The job thing


TL/DR: exactly one year and six days after getting RIFd by Pure Storage, I started a new Senior SRE position at Proofpoint.

At the beginning of April, half of my team, half of the people in related teams, and a bunch of other folks in the business unit (~95 total) were informed that our positions had been eliminated, and that we had a month to find other jobs inside the company; if that didn’t pan out, we’d receive a severance package. There were maybe three US-based openings for us all to apply for; none of them were remote, and probably a third of us had been.

I’ve made vague mention about this over the past N months, but what I didn’t say was that it happened last April, and I’ve spent most of a year banging my head against automated applicant screening systems that kept me from speaking to an actual human being.

Here’s the 90% experience:

  1. found brand-new posting on LinkedIn that I’m easily qualified for.
  2. applied (which often involved creating accounts on their job sites).
  3. received automated rejection email.

If I applied on a Friday night, it wasn’t unusual to be rejected by Saturday morning.

Here’s 90% of the remaining 10%:

  1. found & applied.
  2. spoke to recruiter and seemed to hit it off.
  3. never heard from them again.

Of the ones that reached an actual technical interview, one involved a sufficiently obscure skillset that they were unlikely to have more than a handful of qualified applicants, but they ghosted me and still haven’t hired anyone five months later.

Another sounded very interested and promised a fast hiring process, but dumped me a week later in a bland form email.

Special honorable mention to ServiceNow, to which I was twice referred by senior directors, and twice ghosted.

Special dishonorable mention to the Indian contract recruiters who got my cellphone number and called me multiple times per day for on-site contract positions in Cincinnati (1-hour drive) and Akron (3-hour drive).

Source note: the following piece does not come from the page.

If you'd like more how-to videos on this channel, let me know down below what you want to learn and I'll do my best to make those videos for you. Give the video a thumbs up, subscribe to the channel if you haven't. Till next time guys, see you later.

One recruiter even had his manager call back and explain that it was definitely contract-to-perm, which is almost always bullshit.

The Proofpoint recruiter was friendly, engaged, and excellent at communication and scheduling, so by the time we got to the offer, I had a positive impression of their professionalism. It didn’t hurt that my first technical interview was with my evil twin. Or perhaps I was the evil twin; at least, I’m the one with the beard. 😁

Lessons learned:

  • LinkedIn is an utter shitshow of a social media network, but still better than other job sites. You think Twitter’s “For you” algorithm is bad? You ain’t seen nothin’ yet.
  • LinkedIn Premium promises far more than it delivers, but fortunately I got it at Microsoft-alumni pricing.
  • Seriously, it’s so fucking trendy that it offers AI assistance in pitching yourself to recruiters, which is an incredibly bad idea.
  • So now a lot of job listings explicitly specify “no AI in resumes or cover letters”.
  • All the massive tech layoffs have resulted in companies defensively deploying highly-automated screening, because many people will apply for everything.
  • Screening software cares about certifications; hiring managers don’t.
  • Get basic AWS/Kubernetes certifications, even if you have no interest in that kind of job; they’re like crack for screening software.
  • Positions advertised as “remote” are often still limited to specific cities/states/regions. This may be disclosed in the posting, but usually not.
  • The Dayton area has plenty of tech jobs, 90% of which are tied to Wright-Patterson Air Force Base, and require security clearances.
  • You need to already have those clearances to apply.

So, what was it like being out of work for a year? Boring, mostly, but at least I was able to spend time with family. And unpack some of my stuff in sensible ways.

Between the accidentally-generous severance package (paid out at my full California salary, not the 75% regional adjustment for Ohio), a decent stock price for my RSUs, the lower cost of living, and the large amount of equity I’d built up in the California house (that sold for nearly twice what I bought the new one for), I had no financial worries, and could have gone another two+ years without a problem. Which I did not want to do.

I’m glad to be back in the saddle, and I’m glad to be part of a team of cool and quirky technical people again. As I said to my interim manager when he was announcing the RIF (interim, because my actual manager, his manager, and his manager were also being RIFd that day), I’d love to work with that team again, but probably not under Pure’s management.

Specifically, the VP-I-won’t-name who sent out a group email meant to reassure the remaining staff in his division, before our accounts were disabled. He said, “I was able to preserve the majority of the positions by moving them to different locations”.

Not the people, the headcount, and the locations were Prague and Hyderabad. And we’d just spent most of a year participating in the interview panels for the Prague folks we were told would increase the size of our team. To really rub it in, I was often the deciding vote in the panels, so I didn’t just train my replacements, I picked them!